Since 2007, the number of Americans on SNAP has exploded, going from approximately 22 million people at the start of the recession in 2008 to more than 45 million in 2013. The program provides these families a much-needed safety net as they struggle to get back on their feet, according to Jennifer Brooks, policy director with the progressive Corporation for Enterprise Development based in Washington, D.C.
Jimmy and Melissa say they would like to get off food stamps altogether and be on their own, but the rules governing eligibility for the program make it hard. In particular, federal policy stipulates that no matter how small the income or how large the family, persons with assets more than $2,000 — which include savings accounts — are not eligible to take part in SNAP.
According to many social policy experts, this rule needs to be changed. “Asset tests impede the process of moving from dependence on government assistance to self-sufficiency,” said Michael Sherraden, professor of social work at Washington University in St. Louis. Savings are an important part of economic development, he said. “In order to develop capacity, families and communities must accumulate assets and invest for long-term goals.”
A safety net of three months worth of living expenses can ensure that low-income families have some cushion when their car breaks down or work hours get cut, said Brooks. “It will be the difference between going right back on government assistance when an unexpected expense comes up and being able to absorb the cost and remain self-sufficient.”
Wrong to save
Melissa and Jimmy didn’t know about the asset limitation when they decided to put a $3,000 tax refund into a savings account. The couple was eager to get off government assistance as soon as possible. “I never thought I would be in a position where we needed this kind of help,” Jimmy said. Putting some money aside for unexpected expenses and towards a down payment on a home seemed like important first steps.
Several months after depositing their refund, the couple received notice that their food-stamp benefits would be cut at the end of July. The couple understands why the rule exists, but they said it came as an unexpected blow. “You don’t want people with no income and $50,000 in savings taking government benefits,” Jimmy said, “but that isn’t what was going on here. They need to look at the totality of the situation.”

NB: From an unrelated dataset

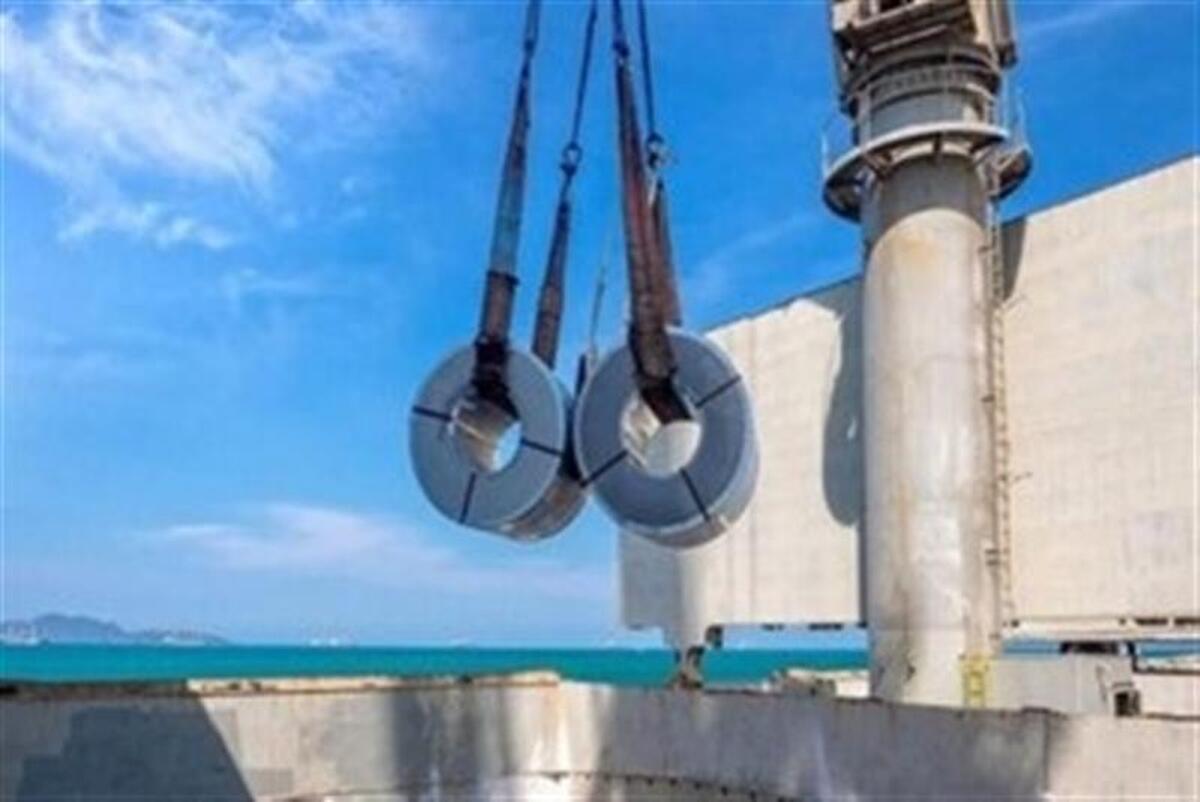 «فولاد» در مسیر توسعه صادرات؛
چرا فولاد مباركه به بزرگ‌ترین صادركننده فولاد ایران بدل شده است؟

Melissa and Jimmy weren’t sure what to do. Without SNAP they’d need to use their nest egg to feed their family, defeating the purpose of saving in the first place. Not only would they lose their savings, their monthly food budget would go from $400 on SNAP to $250. As she looked at the numbers, Melissa wasn't sure if she could feed six people on that. Though the family eats modestly on SNAP, there is room for some fresh fruits and vegetables and the occasional treat. Without SNAP, the only way they could get by is by cutting out fresh produce altogether. Melissa is reluctant to go this route: "I'm worried this kind of diet will jeopardize my kids' health," she said.